## Short web captions
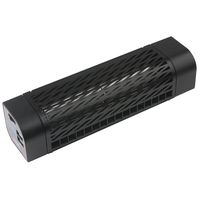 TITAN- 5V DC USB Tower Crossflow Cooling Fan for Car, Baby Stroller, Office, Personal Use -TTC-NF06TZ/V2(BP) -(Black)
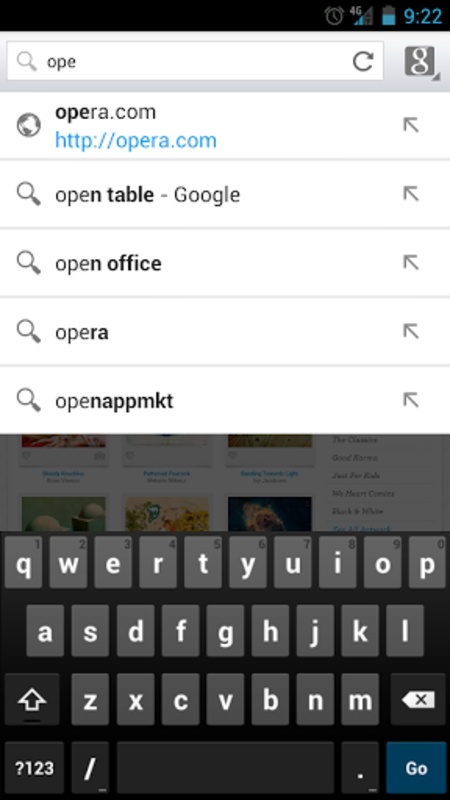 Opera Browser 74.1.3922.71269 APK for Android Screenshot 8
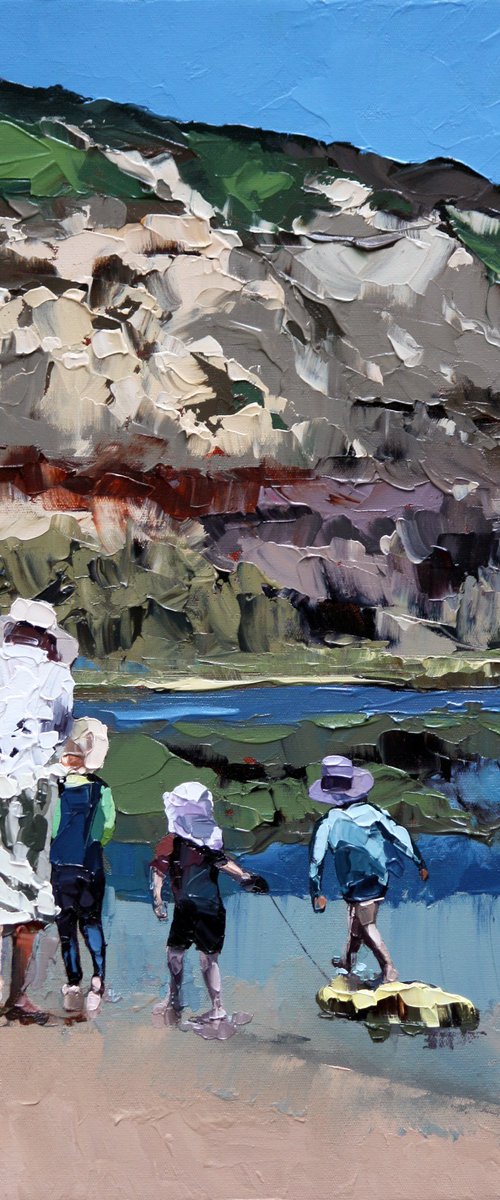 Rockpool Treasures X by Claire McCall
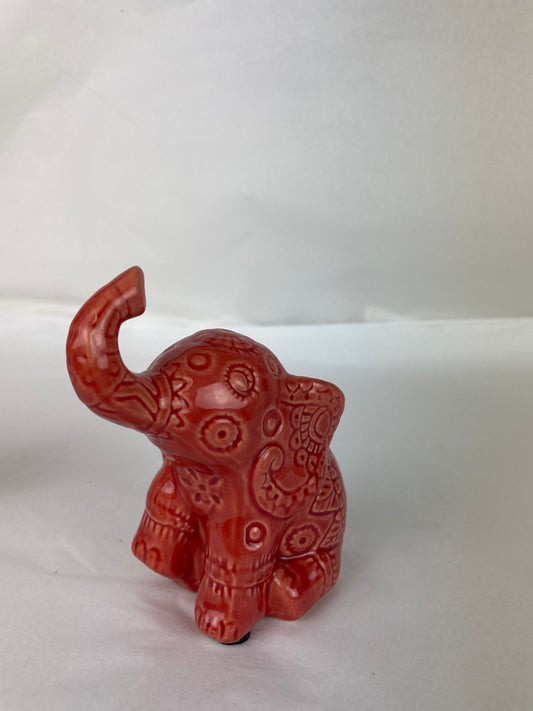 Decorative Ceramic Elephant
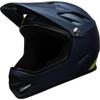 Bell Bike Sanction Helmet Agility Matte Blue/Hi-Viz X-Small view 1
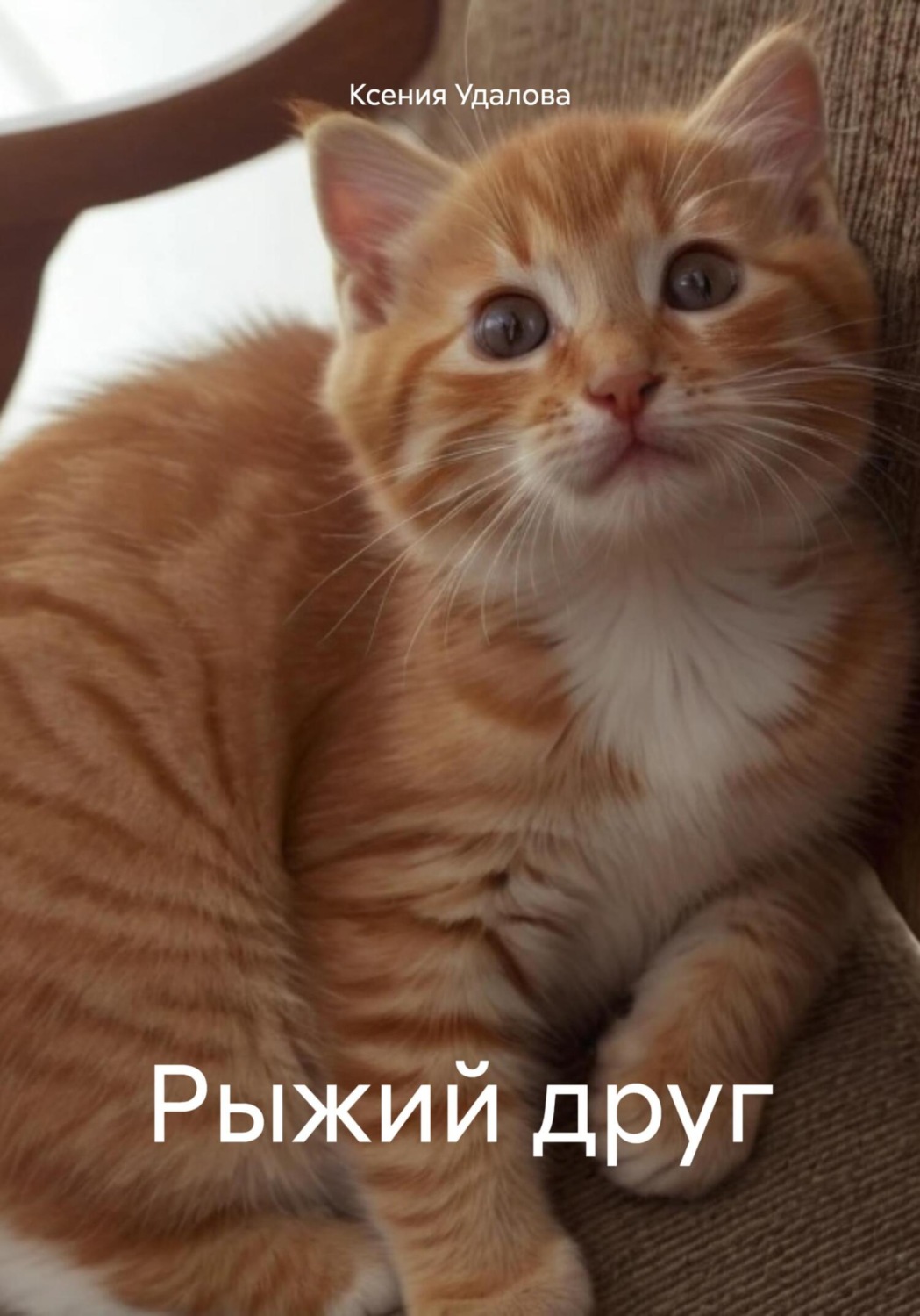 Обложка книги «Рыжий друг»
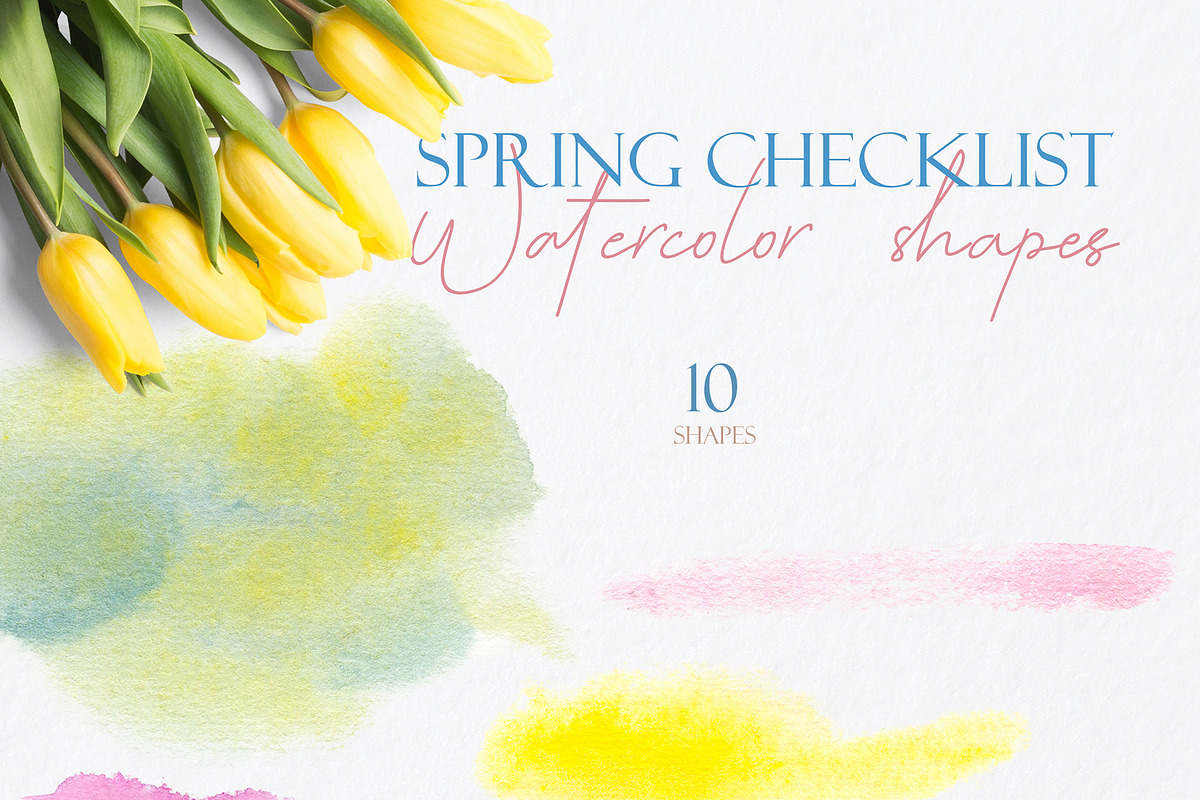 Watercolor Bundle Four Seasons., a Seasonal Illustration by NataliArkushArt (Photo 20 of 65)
---
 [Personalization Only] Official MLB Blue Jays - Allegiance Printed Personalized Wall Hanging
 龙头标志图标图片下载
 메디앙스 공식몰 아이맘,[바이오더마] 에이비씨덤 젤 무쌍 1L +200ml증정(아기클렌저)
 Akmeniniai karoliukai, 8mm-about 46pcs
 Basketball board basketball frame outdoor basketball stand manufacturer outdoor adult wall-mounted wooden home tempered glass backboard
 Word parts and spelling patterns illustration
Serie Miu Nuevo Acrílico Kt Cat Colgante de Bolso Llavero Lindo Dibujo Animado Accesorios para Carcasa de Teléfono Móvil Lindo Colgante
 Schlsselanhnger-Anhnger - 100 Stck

## Exercise
Set down again, word for word, the stretch of records from the line with "Serie Miu Nuevo" to the line with "Schlsselanhnger-Anhnger - 100 Stck", both of those lines included.

## Output below
Serie Miu Nuevo Acrílico Kt Cat Colgante de Bolso Llavero Lindo Dibujo Animado Accesorios para Carcasa de Teléfono Móvil Lindo Colgante
 Schlsselanhnger-Anhnger - 100 Stck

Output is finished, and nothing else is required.